_Prompt_. In the entries that follow, the lines from the one with "Snapshot of naughtylittlebella" through the one with "Amalia Choker" are the ones to write out, exactly and with both ends included. Nothing else should appear.

_Dataset records_.

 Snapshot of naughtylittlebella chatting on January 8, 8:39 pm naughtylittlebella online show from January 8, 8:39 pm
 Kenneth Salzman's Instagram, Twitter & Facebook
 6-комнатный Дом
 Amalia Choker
==
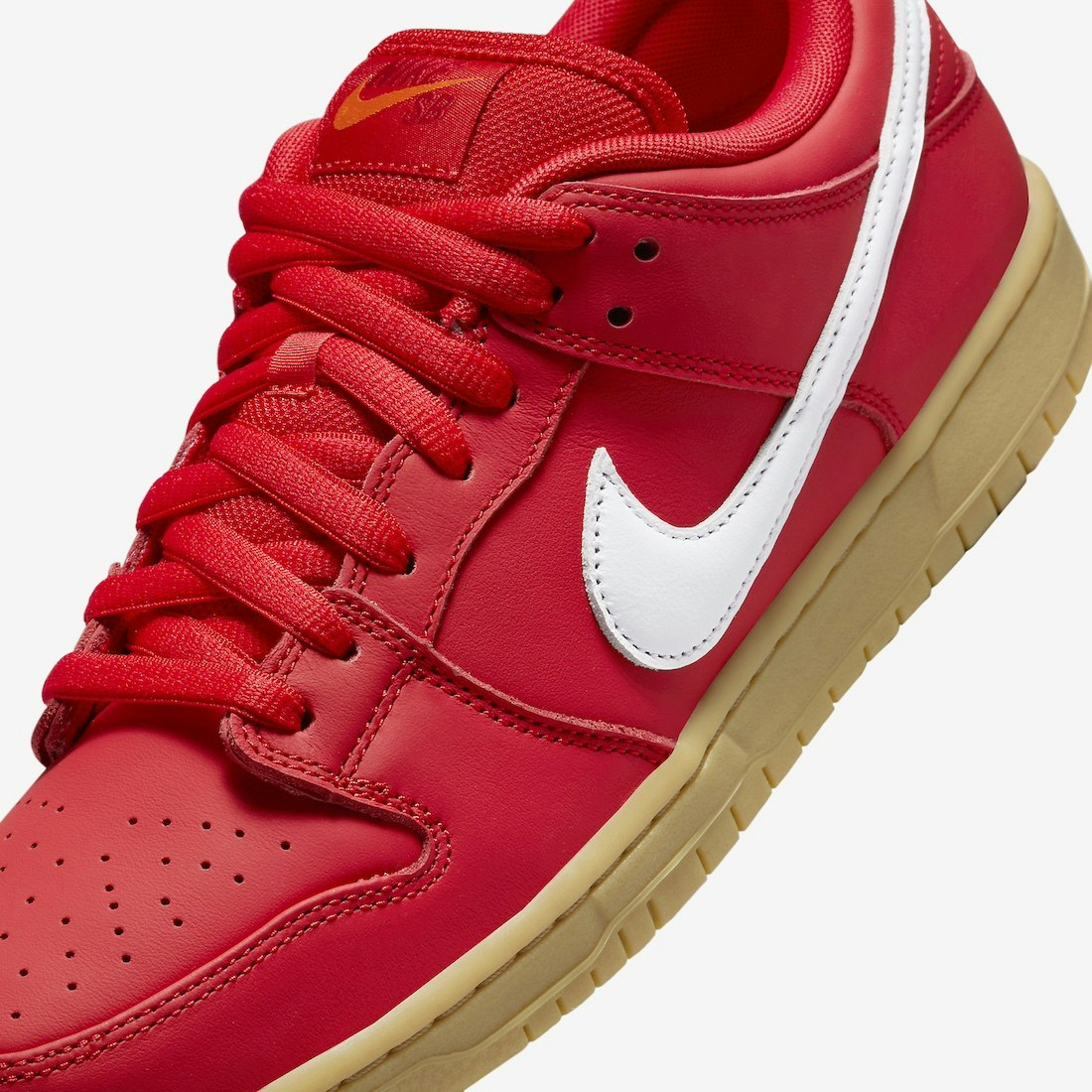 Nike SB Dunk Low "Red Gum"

_Task output_.
 Snapshot of naughtylittlebella chatting on January 8, 8:39 pm naughtylittlebella online show from January 8, 8:39 pm
 Kenneth Salzman's Instagram, Twitter & Facebook
 6-комнатный Дом
 Amalia Choker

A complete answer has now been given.